Despite the fact that Ireland signed up to the Hague Convention thereby agreeing to comply with the rules regarding inter-country adoption in May 1993, the practice is only now being ratified into Irish law. It accounts for the biggest changes that have occurred through the enactment.
The Hague Convention is a means of safeguarding inter-country adoptions. It aims to prevent the sale, trafficking or abduction of children who are up for adoption and tries to ensure that the child’s best interests are the principal concern. Consent of birth parents, and the child where appropriate, must also be at the centre of the process.
Previously, there had been an obligation for the prospective adoptive parents to make a donation in ‘humanitarian aid’ to the child’s birth country, but this sort of transaction is no longer permitted. Adoption cannot be secured through payment; there must be a distinct divide between the two.
The act only allows for inter-country adoptions to take place with countries that have ratified the Hague Convention, or those countries with which Ireland has a bilateral agreement. This opens the process up to many new countries, but also closes it off to others.
In 2008, the top four countries from which Irish couples adopted were Vietnam (182), Russia (117), Ethiopia (26) and Mexico (22). Since then, adoptions from Vietnam and Russia have been barred, while Ethiopia is a non-Hague Convention country, so three of these four countries have been cut off. Vietnam looks set to sign the Hague Convention and it is hoped that a bilateral agreement can be reached with Russia, however, theoretically being able to adopt from 83 countries won’t necessarily mean that more children are available for adoption.
The Hague Convention requires that a designated authority be set up to manage inter-country adoptions. This has resulted in the abolition of the Adoption Board, and its replacement by the Adoption Authority, which has been granted statutory independent status and now has a range of new functions. It holds the responsibility for making adoption orders and granting declarations of eligibility and suitability to adopt, but will now set standards for adoption and supervise and register accredited bodies.

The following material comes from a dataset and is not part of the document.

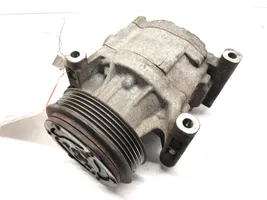 Fiat Bravo Air conditioning (A/C) compressor (pump) 51747318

Moreover, any body that places children for adoption must be registered with, and granted accreditation by, the Adoption Authority. This new stipulation will mean that it is no longer possible for private adoptions to take place.
The new rulings have thus left adoption agencies that existed before the enactment of the Adoption Act (mostly those dealing with domestic adoption) unsure of where they stand. With many upset clients and little information from the Adoption Authority as to when or if they will be re-accredited, the lack of a transitional arrangement for those already working with or about to receive children through voluntary agencies has caused frustration. This ruling is an unnecessary and insensitive oversight considering the emotionally agonising process at hand.
It is hoped that the process itself will become less arduous under the new act. Previously it took up to six years to complete, whereas in the UK or US it would generally only take two years.
The length of time which the scheme took to implement was the biggest complaint made by adopters and given that there is a gross disparity between the nine months it takes to for a baby to come into the world, versus the amount of time spent in the adoption process, it does perhaps seem outrageously long. However, it is understandable that the process must be rigorous and thorough. The child’s interests are at stake and the balance of equality must be tipped in its favour.
The new legislation allows for the Health Service Executive (HSE) to outsource adoption assessments to bodies accredited by the Authority, whereas previously it had to deal with all non-private assessments itself. It is hoped that this will both speed up the process and also free up social workers. However, the outsourcing is unlikely to occur for a couple of years and even when it is implemented, all applications must initially be sent to the HSE who will then assign cases to agencies. Perhaps it’s necessary for supervisory purposes, but it seems pointlessly complicated.
The act is intended to be a modern, reforming piece of legislation that implements a rigid system, ensures more focus on the children in question and eradicates abuses of the process. Ultimately, it will lead to a more just, streamlined system. However, the transitory period until the new system settles leaves much to be desired, with numerous delays, and both agencies and couples being left unsure as to the status of their adoption. It may have aimed for a greater transparency of the process, but for now, it has muddied the waters.